A tax expenditure item? See chart (p. 536-7).
Regan v. TWR p.631
IRS determines whether an organization is entitled to §501(c)(3) tax-exempt status.
Should an organization be permitted §501(c)(3) status if it attempts to influence legislation?
Does denial of status violate the 1st Amendment?
Decision by U.S. Congress to not facilitate lobbying by a tax-exempt §501(c)(3) entity.
Not violating the “equal protection” clause to enable tax-exempt Vet organizations to lobby.
Option: Use a §501(c)(4) organization.
§501(c)(4) Entity p.637
Restrictions on §501(c)(4) org. – to be for promotion of common good & general welfare.

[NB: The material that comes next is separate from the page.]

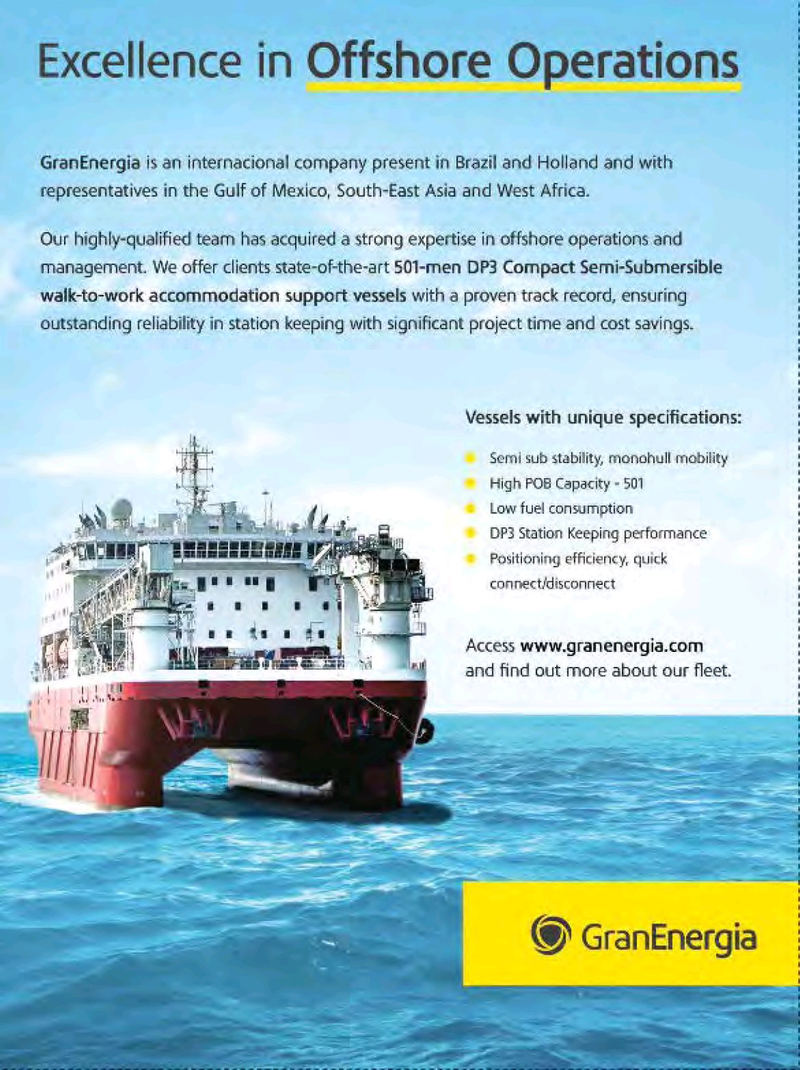 Offshore Engineer Magazine, page 2nd Cover,  Feb 2016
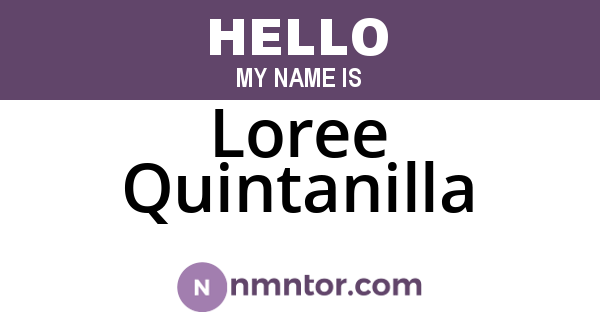 Loree Quintanilla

No prohibition on campaign activities but not permitting supporting individual candidates.
Note scandal re IRS applications for tax-exempt status by Tea Party affiliated organizations.
Note (1) proposed Reg. limit on “candidate-related political activity” & (2) H.R. 3865, the “Stop Targeting of Political Beliefs by the IRS Act of 2014.”
Bob Jones University
Public Policy Limit p.638
Can BJ University be denied tax-exempt, charitable (educational) status as being racist”?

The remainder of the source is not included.